Sewall Wright noted that in a finite population evolving under a WF process the probability that two random gene copies will share a common ancestor in the previous generation is 1/2N, since there are 2N gene copies in the population. This type of event, where two descendant gene copies merge into a common ancestor, when viewed backwards in time, is termed a coalescence. It turns that this view of population histories, in the form of probabilistic statements about common ancestry, can be a very powerful way to describe evolution in populations.
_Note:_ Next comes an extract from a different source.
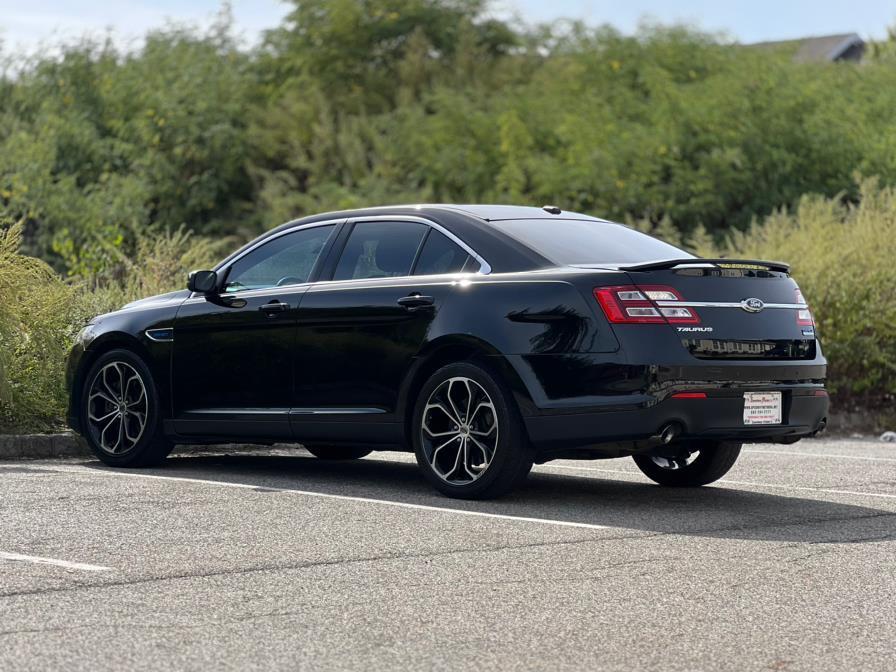 used 2017 Ford Taurus car, priced at $20,987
In fact, an entire statistical framework has been developed to study populations based on probabilistic expectations for the time and until some number of samples coalesce, called **Coalescent Theory**. This is the subject of the next lesson.

## Summary¶

- A Wright-Fisher process, or model, is a discrete-time process of reproduction in an idealized population of finite size over multiple generations.
- Interpreting a WF-process plot requires understanding the direction of time, and which gene copies are ancestors or descendants of others.
- The WF process gives rise to genealogical relationships among gene copies.
- All gene copies in a population will eventually coalesce to a common ancestor.
- The probability that two gene copies share a common ancestor 1 generation ago is 1 / 2Ne.